Langsam, weich, vorsichtig und sensibel wurde "The Good" gestaltet, sodass der Song nur durch die in schwindelnde Höhen aufsteigende Stimme aus seiner selbst gewählten Idylle - die den Winter im Jahreszeiten-Reigen symbolisiert - hervorsticht. Die Moral dieses Liedes liegt in der Erkenntnis, sein Schicksal nicht in die Hände von anderen zu legen, sondern aufgrund der eigenen Erfahrungen bei sich selbst zu ergründen, was einem guttut.
Die sowohl versponnenen als auch kraftvollen Folk-Rocker "(You’re A) Star" und "Phoenix Rise" verfügen über eine fein gesponnene, klug auskomponierte, sich dynamisch verändernde Melodie, was die Songs als musikalische Erben des Westcoast-Sounds der Endsechziger Jahre ausweist.
In den 66 Minuten Laufzeit von "The Cycle" bringt die engagierte Künstlerin einige Stil-Wendungen unter. Gesanglich schlüpft sie dabei in sanfte oder robuste Rollen: "Deine Stimme ist dein kraftvollstes Geschenk.
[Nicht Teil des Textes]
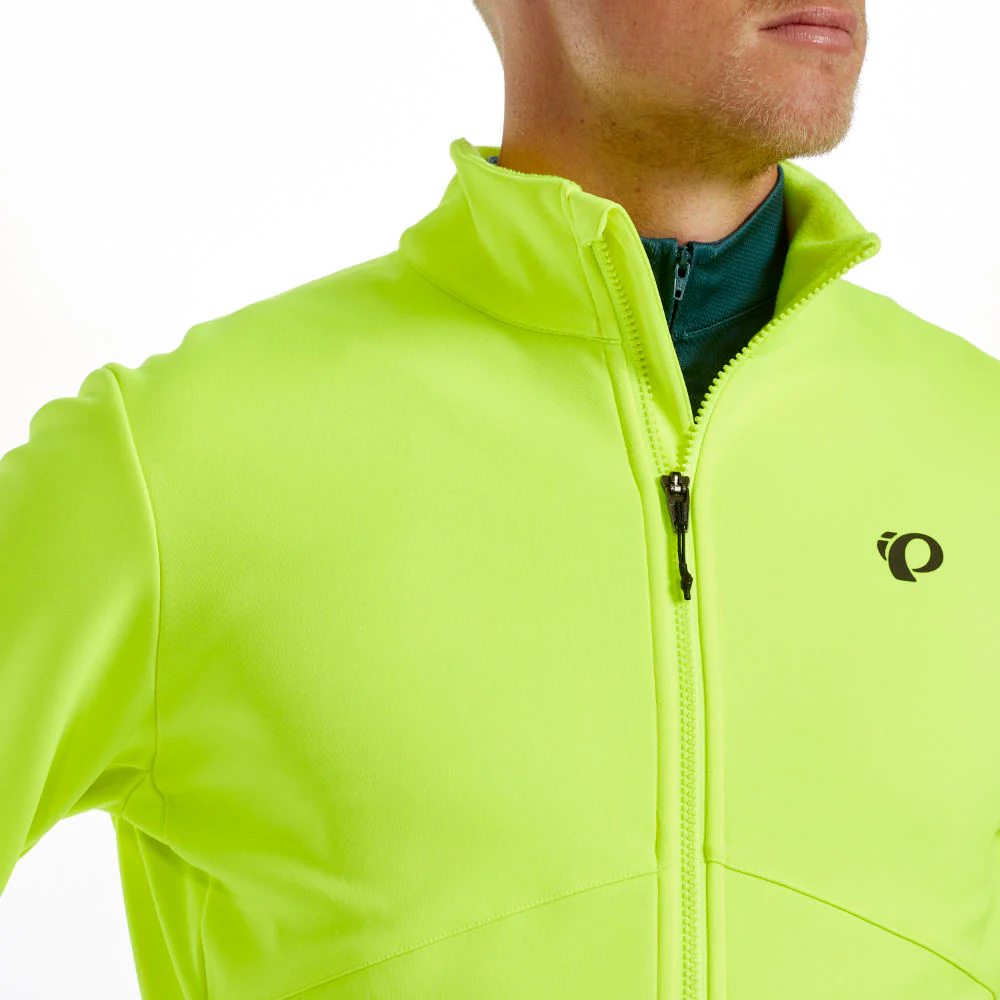 Quest Amfib Jacket - Image 14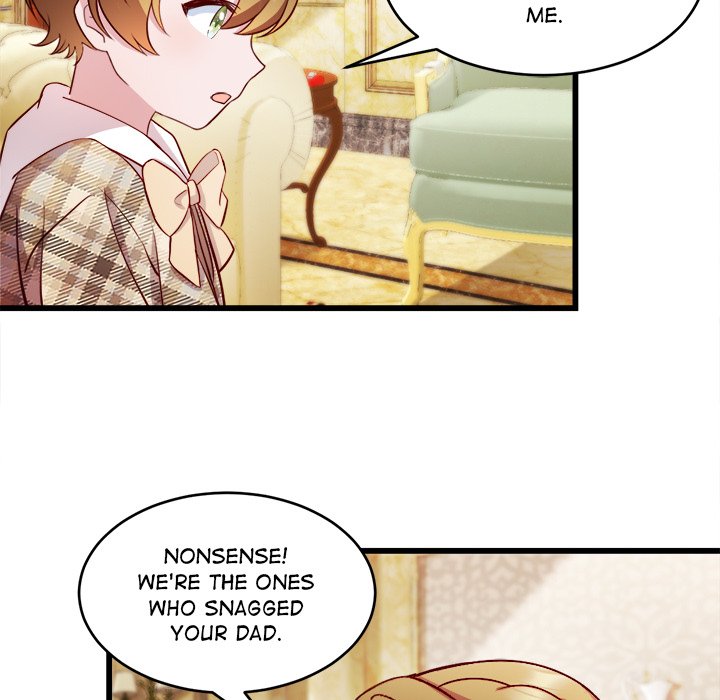 The Search for My Dad - episode 23 - 51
Sie hat die Fähigkeit zu inspirieren, zu heilen, zu erschaffen und die Welt zu verändern", kommentiert die Sängerin die Bedeutung ihrer entschlossenen Gesangsbeiträge.
Zusammen mit ihrer Band erschafft Laura Carbone teilweise magische Klangräume, die unter anderem nach unterirdischen Gewölben oder nach Prunksälen klingen. Diese Abwechslungen zeigen die kreativen Möglichkeiten der Künstlerin auf, die dadurch ein interessantes Werk erschaffen hat, das aber auch Durchhaltevermögen bei der Hörerschaft voraussetzt. Und das ist gut so, denn was gibt es beim Musik hören Schlimmeres, als unterfordert zu sein?